- **WORK INSTRUCTION**
Word for word, restate the entries below from their first line through the line that contains "Cream Handloom Kantha".

(Stored items from a collection)
++++++++++
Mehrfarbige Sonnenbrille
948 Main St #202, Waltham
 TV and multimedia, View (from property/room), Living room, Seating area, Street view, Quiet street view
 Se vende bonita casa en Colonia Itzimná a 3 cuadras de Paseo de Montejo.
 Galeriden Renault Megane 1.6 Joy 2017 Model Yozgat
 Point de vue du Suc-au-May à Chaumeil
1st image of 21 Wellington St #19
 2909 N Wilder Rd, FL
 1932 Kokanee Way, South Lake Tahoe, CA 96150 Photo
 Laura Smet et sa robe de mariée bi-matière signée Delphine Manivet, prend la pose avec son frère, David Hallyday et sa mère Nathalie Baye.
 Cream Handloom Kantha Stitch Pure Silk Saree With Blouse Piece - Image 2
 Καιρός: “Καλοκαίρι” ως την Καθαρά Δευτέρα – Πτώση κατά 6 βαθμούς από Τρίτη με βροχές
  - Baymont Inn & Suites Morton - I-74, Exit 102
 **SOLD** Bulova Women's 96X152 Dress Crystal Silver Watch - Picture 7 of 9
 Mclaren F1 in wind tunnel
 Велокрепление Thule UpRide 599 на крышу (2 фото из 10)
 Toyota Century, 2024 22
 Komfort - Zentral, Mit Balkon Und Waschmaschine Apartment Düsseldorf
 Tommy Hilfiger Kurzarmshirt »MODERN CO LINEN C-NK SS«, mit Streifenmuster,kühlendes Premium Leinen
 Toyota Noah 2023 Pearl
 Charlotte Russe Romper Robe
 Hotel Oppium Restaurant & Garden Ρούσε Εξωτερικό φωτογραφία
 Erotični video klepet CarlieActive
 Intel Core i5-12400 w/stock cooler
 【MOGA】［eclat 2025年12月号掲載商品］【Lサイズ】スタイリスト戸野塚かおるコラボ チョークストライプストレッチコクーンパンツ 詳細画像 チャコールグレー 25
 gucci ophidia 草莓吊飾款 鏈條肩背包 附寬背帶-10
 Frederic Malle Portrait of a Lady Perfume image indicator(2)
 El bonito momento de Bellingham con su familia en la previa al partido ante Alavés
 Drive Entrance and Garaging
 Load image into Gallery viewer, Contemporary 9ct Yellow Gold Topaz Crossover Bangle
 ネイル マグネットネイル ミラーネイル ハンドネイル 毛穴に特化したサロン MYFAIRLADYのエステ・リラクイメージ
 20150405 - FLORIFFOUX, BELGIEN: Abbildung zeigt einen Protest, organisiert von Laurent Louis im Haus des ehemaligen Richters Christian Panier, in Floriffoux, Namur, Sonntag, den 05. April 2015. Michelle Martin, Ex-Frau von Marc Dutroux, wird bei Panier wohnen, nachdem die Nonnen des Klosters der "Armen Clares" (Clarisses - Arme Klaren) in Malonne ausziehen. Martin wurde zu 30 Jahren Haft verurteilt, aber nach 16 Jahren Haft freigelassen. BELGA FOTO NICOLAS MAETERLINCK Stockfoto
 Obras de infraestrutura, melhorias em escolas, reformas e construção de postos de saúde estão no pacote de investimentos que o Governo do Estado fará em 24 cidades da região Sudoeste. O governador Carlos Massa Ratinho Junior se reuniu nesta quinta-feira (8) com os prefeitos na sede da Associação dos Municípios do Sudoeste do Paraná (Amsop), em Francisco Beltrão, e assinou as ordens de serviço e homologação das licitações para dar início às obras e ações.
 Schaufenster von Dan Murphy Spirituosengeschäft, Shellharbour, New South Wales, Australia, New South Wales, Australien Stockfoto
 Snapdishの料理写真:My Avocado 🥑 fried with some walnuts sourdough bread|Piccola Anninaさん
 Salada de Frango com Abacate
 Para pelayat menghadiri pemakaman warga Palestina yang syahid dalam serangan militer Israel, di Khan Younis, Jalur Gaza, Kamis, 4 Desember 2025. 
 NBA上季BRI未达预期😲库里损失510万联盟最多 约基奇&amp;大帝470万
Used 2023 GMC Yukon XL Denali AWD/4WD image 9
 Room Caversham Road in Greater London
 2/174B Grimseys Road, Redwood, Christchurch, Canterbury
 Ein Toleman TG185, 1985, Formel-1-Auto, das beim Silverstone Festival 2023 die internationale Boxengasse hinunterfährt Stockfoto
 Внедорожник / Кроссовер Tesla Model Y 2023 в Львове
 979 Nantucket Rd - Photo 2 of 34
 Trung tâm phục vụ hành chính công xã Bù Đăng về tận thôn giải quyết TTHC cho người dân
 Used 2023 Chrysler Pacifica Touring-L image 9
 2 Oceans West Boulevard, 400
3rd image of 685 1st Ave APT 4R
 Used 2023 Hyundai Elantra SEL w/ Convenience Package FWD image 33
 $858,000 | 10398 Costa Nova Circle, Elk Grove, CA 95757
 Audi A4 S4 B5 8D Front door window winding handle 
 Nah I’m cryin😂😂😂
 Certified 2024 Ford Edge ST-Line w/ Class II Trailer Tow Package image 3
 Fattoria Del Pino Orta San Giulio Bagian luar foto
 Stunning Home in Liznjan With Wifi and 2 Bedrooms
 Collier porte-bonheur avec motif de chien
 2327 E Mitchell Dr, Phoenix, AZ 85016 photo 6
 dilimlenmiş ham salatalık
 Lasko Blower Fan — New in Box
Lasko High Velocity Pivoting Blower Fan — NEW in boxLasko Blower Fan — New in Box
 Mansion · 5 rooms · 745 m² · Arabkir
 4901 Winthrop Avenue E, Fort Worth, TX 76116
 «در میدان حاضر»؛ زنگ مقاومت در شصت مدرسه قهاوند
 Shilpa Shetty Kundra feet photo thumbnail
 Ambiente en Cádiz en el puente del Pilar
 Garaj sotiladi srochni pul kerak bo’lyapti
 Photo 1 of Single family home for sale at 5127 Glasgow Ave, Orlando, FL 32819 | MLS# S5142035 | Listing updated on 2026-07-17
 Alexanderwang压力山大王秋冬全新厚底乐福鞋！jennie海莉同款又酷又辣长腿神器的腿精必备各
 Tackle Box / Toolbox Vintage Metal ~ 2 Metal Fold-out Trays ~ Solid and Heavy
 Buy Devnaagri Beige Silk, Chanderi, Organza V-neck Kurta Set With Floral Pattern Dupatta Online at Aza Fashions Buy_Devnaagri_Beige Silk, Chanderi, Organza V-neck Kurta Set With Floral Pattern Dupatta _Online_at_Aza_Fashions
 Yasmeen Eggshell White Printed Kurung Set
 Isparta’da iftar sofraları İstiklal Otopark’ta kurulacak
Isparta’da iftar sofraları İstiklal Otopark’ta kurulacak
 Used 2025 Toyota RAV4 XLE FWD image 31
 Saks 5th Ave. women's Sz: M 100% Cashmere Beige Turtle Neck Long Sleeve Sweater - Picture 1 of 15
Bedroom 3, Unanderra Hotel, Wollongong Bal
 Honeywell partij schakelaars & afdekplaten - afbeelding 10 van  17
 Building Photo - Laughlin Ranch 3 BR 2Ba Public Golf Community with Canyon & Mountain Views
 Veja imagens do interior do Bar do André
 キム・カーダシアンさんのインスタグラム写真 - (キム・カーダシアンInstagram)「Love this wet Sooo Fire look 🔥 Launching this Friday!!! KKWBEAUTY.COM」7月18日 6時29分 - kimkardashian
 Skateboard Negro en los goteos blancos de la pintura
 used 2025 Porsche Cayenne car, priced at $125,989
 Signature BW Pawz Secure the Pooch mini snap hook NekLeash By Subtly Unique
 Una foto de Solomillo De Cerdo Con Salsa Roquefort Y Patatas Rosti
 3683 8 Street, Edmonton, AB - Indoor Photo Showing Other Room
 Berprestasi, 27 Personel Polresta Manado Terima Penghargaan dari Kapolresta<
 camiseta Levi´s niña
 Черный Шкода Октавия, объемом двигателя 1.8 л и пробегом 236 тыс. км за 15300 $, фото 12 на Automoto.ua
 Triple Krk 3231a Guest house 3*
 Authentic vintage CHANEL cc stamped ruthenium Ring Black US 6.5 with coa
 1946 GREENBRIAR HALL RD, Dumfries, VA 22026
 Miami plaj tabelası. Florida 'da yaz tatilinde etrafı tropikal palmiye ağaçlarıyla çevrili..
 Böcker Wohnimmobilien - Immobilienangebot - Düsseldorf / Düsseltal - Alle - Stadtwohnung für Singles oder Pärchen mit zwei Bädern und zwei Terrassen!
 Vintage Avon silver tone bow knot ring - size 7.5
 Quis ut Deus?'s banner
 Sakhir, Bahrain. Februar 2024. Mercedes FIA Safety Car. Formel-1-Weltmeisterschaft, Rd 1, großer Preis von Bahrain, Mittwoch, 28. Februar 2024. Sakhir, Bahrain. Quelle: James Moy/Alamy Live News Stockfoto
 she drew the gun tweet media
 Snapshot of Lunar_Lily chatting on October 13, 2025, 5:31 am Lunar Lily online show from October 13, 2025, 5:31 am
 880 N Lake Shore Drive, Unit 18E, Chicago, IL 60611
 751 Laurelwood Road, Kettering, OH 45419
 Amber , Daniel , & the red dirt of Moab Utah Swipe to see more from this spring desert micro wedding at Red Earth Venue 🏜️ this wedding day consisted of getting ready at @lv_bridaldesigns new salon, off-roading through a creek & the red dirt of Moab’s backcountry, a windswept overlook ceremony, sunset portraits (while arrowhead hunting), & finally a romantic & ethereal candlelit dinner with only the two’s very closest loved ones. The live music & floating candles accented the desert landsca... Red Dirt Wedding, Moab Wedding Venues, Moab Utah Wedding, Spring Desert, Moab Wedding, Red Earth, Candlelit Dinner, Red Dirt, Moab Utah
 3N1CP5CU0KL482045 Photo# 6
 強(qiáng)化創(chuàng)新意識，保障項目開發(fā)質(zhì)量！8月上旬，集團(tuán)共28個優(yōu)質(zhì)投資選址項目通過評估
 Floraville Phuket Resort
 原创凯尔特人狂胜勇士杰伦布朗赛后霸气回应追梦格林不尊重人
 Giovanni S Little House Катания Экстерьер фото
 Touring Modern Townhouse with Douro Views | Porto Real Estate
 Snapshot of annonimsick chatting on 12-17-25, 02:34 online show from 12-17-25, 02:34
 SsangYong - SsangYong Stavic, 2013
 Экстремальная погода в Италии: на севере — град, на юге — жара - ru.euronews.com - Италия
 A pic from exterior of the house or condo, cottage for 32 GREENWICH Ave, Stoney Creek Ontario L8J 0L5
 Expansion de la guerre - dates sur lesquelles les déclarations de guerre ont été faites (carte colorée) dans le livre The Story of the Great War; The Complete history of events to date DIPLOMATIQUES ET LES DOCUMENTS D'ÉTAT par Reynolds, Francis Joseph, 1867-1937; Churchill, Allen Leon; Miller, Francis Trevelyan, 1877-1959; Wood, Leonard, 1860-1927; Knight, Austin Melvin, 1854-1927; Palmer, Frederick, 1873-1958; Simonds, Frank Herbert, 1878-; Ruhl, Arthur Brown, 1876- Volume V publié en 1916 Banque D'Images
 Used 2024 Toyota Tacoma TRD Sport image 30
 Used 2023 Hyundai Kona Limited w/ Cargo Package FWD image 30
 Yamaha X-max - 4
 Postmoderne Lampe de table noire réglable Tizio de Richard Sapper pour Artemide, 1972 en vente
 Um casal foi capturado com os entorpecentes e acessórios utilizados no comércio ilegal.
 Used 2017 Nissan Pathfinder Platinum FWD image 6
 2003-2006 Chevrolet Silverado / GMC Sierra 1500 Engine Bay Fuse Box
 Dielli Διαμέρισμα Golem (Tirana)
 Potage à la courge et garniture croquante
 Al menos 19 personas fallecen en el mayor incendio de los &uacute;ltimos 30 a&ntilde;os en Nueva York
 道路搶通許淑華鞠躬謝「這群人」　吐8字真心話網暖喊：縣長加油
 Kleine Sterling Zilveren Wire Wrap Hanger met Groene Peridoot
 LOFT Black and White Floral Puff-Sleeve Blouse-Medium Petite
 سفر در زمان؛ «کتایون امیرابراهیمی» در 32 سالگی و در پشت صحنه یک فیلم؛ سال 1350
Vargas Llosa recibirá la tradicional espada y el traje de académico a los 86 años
++++++++++
- **SOLUTION TO THE EXERCISE**
Mehrfarbige Sonnenbrille
948 Main St #202, Waltham
 TV and multimedia, View (from property/room), Living room, Seating area, Street view, Quiet street view
 Se vende bonita casa en Colonia Itzimná a 3 cuadras de Paseo de Montejo.
 Galeriden Renault Megane 1.6 Joy 2017 Model Yozgat
 Point de vue du Suc-au-May à Chaumeil
1st image of 21 Wellington St #19
 2909 N Wilder Rd, FL
 1932 Kokanee Way, South Lake Tahoe, CA 96150 Photo
 Laura Smet et sa robe de mariée bi-matière signée Delphine Manivet, prend la pose avec son frère, David Hallyday et sa mère Nathalie Baye.
 Cream Handloom Kantha Stitch Pure Silk Saree With Blouse Piece - Image 2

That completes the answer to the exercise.